▸ WHAT THIS TASK INVOLVES
With the pictures omitted, output word for word the lines from the one containing "Stencil DFA for" through the end of the records.

[Data items]
----------

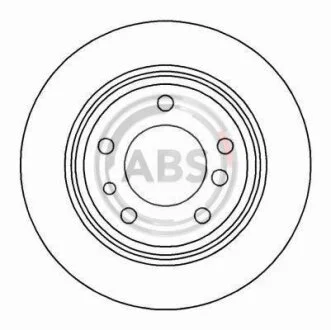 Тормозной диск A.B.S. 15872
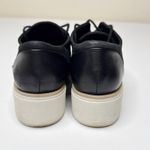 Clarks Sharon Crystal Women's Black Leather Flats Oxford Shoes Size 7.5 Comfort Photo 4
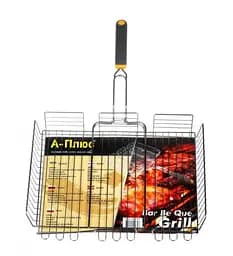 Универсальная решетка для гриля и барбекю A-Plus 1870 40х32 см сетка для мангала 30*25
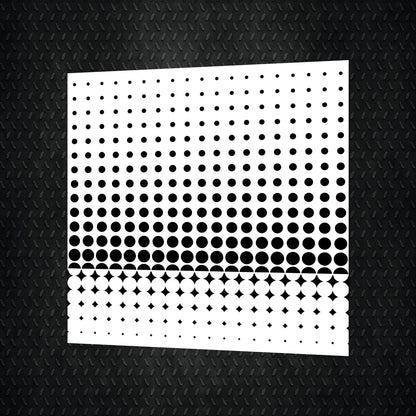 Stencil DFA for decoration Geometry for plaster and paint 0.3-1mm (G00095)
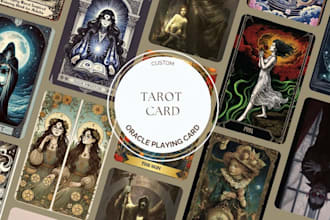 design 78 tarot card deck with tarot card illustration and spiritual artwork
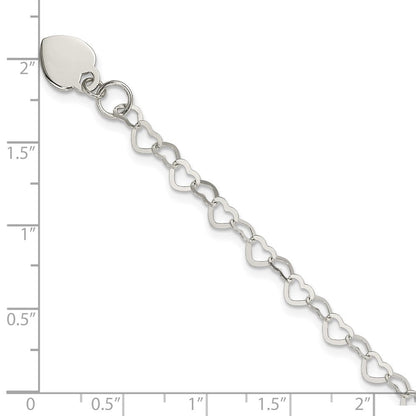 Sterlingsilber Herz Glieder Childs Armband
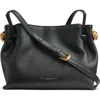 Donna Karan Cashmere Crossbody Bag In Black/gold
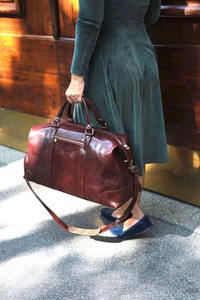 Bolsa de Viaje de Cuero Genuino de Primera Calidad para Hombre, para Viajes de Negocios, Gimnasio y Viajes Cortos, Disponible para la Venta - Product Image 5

----------

▸ SOLUTION FOR THIS TASK
 Stencil DFA for decoration Geometry for plaster and paint 0.3-1mm (G00095)
 design 78 tarot card deck with tarot card illustration and spiritual artwork
 Sterlingsilber Herz Glieder Childs Armband
 Donna Karan Cashmere Crossbody Bag In Black/gold
 Bolsa de Viaje de Cuero Genuino de Primera Calidad para Hombre, para Viajes de Negocios, Gimnasio y Viajes Cortos, Disponible para la Venta - Product Image 5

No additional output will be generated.